Consideremos cómo los israelitas se colocaban bajo la protección y el valor de ese sangre. Era simple y únicamente mediante la obediencia de la fe. Se les dijo que tomasen sangre del cordero y la pusiesen “en los dos postes y en el dintel de las casas”; “tomad un manojo de hisopo, y mojadlo en la sangre que estará en un lebrillo, y untad el dintel y los dos postes con la sangre que estará en el lebrillo; y ninguno de vosotros salga de las puertas de su casa hasta la mañana” (v. 7, 22). Así, ninguna otra cosa tenían que hacer sino creer y obedecer. No tenían que discutir el método que se les había propuesto, ni si era o no razonable, tampoco su probable valor. Todo dependía de su obediencia a la palabra de Dios.
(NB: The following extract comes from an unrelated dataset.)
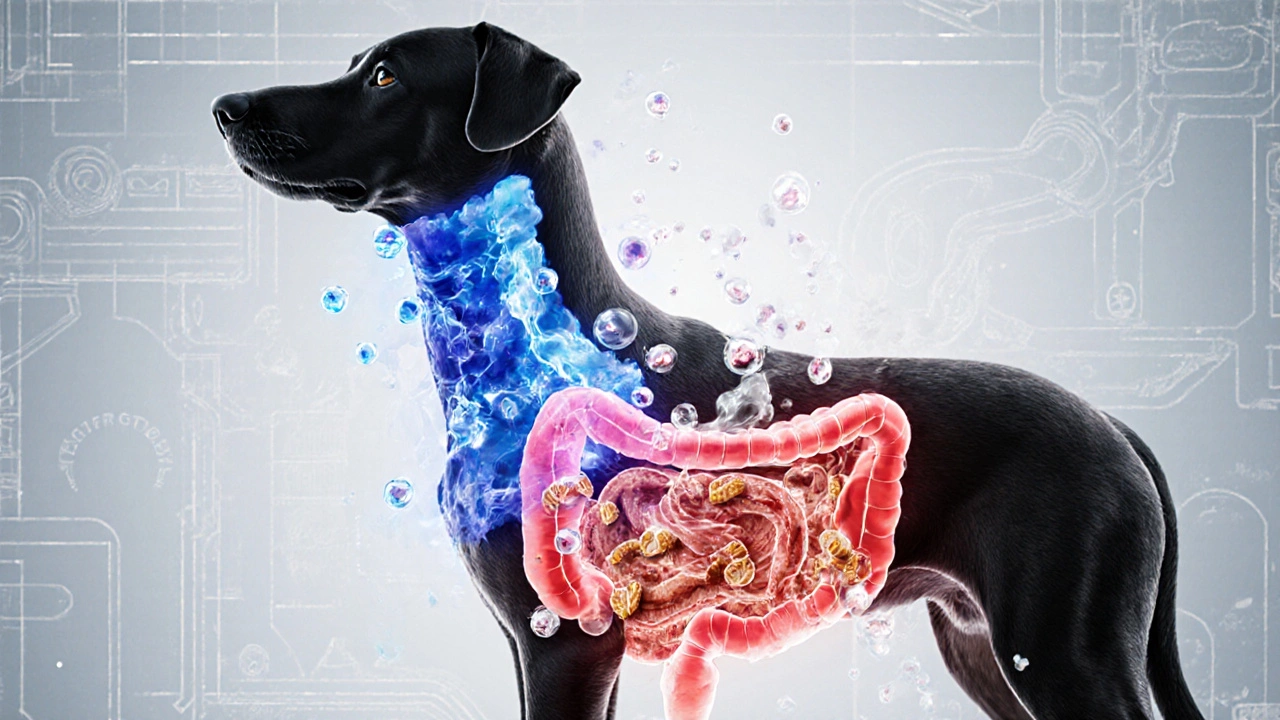 Схема желудка собаки, где смешиваются ферменты для сухого корма и натуральной пищи.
Del mismo modo, hoy en día Dios no pide nada del pecador sino la fe: fe en el testimonio de Dios sobre la condición y culpabilidad del hombre, un estado que lo expone al juicio, y fe en el recurso preparado por la muerte de Cristo. Si un israelita, por cualquier pretexto que fuere, hubiere despreciado el mandamiento divino, no habría escapado de los golpes del destructor. Igualmente hoy, si un pecador, por cualquier motivo, rehusare inclinarse ante la Palabra de Dios, tocante a su propio estado y también en cuanto a Cristo, nada podrá alejar de él la sentencia del juicio eterno. Pero tan pronto como el israelita, simplemente obediente, rociaba con sangre su casa, estaba bajo una inviolable seguridad durante esa noche de terror y de muerte. También, tan pronto como un pecador recibe a Cristo, queda al abrigo para toda la eternidad, porque se halla bajo la protección del valor infinito de la sangre preciosa de Cristo.
La seguridad del pueblo
Para subrayar aún más esta verdad, notemos que la seguridad del pueblo no dependía en absoluto de su propio estado moral, ni de sus pensamientos, de sus sentimientos o experiencias. La única cuestión era: ¿Había sido puesta la sangre sobre la puerta tal como había sido prescrito? Si así lo era, los israelitas estaban seguros; de no serlo, quedaban expuestos al juicio que se abatía sobre todo el país de Egipto. Es posible que estuvieran temerosos y abrumados, que pasasen toda la noche haciéndose preguntas. Sin embargo, si la sangre estaba sobre sus casas, efectivamente estaban fuera del alcance de los golpes del destructor. Sólo el valor de la sangre les garantizaba esa protección. Es más, si los israelitas hubiesen sido el mejor pueblo del mundo, hablando a la manera de los hombres, sin la aspersión de la sangre, hubieran perecido de la misma manera que los idólatras egipcios. Repitámoslo, el fundamento de su seguridad se apoyaba únicamente en la sangre del cordero pascual.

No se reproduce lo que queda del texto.